To use this Apache Druid feature, make sure to only load materialized-view-selection
on Broker and load materialized-view-maintenance
on Overlord. In addition, this feature currently requires a Hadoop cluster.
This feature enables Druid to greatly improve the query performance, especially when the query dataSource has a very large number of dimensions but the query only required several dimensions. This feature includes two parts. One is materialized-view-maintenance
, and the other is materialized-view-selection
.
Materialized-view-maintenance
In materialized-view-maintenance, dataSources user ingested are called “base-dataSource”. For each base-dataSource, we can submit derivativeDataSource
supervisors to create and maintain other dataSources which we called “derived-dataSource”. The dimensions and metrics of derived-dataSources are the subset of base-dataSource’s. The derivativeDataSource
supervisor is used to keep the timeline of derived-dataSource consistent with base-dataSource. Each derivativeDataSource
supervisor is responsible for one derived-dataSource.
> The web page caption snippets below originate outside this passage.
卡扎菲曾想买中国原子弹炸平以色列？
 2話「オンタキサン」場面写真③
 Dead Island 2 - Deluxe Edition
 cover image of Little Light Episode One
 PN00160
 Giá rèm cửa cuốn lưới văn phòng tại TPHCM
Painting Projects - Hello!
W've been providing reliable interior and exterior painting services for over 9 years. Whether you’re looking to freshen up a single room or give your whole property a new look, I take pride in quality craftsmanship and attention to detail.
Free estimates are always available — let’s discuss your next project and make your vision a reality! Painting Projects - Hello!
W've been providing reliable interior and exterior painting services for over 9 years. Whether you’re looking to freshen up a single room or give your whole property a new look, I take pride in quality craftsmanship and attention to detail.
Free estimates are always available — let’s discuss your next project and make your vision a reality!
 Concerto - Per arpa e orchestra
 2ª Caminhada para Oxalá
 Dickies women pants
A sample derivativeDataSource supervisor spec is shown below:
{
"type": "derivativeDataSource",
"baseDataSource": "wikiticker",
"dimensionsSpec": {
"dimensions": [
"isUnpatrolled",
"metroCode",
"namespace",
"page",
"regionIsoCode",
"regionName",
"user"
]
},
"metricsSpec": [
{
"name": "count",
"type": "count"
},
{
"name": "added",
"type": "longSum",
"fieldName": "added"
}
],
"tuningConfig": {
"type": "hadoop"
}
}
Supervisor Configuration
Field | Description | Required |
---|---|---|
Type | The supervisor type. This should always be derivativeDataSource . | yes |
baseDataSource | The name of base dataSource. This dataSource data should be already stored inside Druid, and the dataSource will be used as input data. | yes |
dimensionsSpec | Specifies the dimensions of the data. These dimensions must be the subset of baseDataSource’s dimensions. | yes |
metricsSpec | A list of aggregators. These metrics must be the subset of baseDataSource’s metrics. See aggregations. | yes |
tuningConfig | TuningConfig must be HadoopTuningConfig. See Hadoop tuning config. | yes |
dataSource | The name of this derived dataSource. | no(default=baseDataSource-hashCode of supervisor) |
hadoopDependencyCoordinates | A JSON array of Hadoop dependency coordinates that Druid will use, this property will override the default Hadoop coordinates. Once specified, Druid will look for those Hadoop dependencies from the location specified by druid.extensions.hadoopDependenciesDir | no |
classpathPrefix | Classpath that will be prepended for the Peon process. | no |
context | See below. | no |
Context
Field | Description | Required |
---|---|---|
maxTaskCount | The max number of tasks the supervisor can submit simultaneously. | no(default=1) |
Materialized-view-selection
In materialized-view-selection, we implement a new query type view
. When we request a view query, Druid will try its best to optimize the query based on query dataSource and intervals.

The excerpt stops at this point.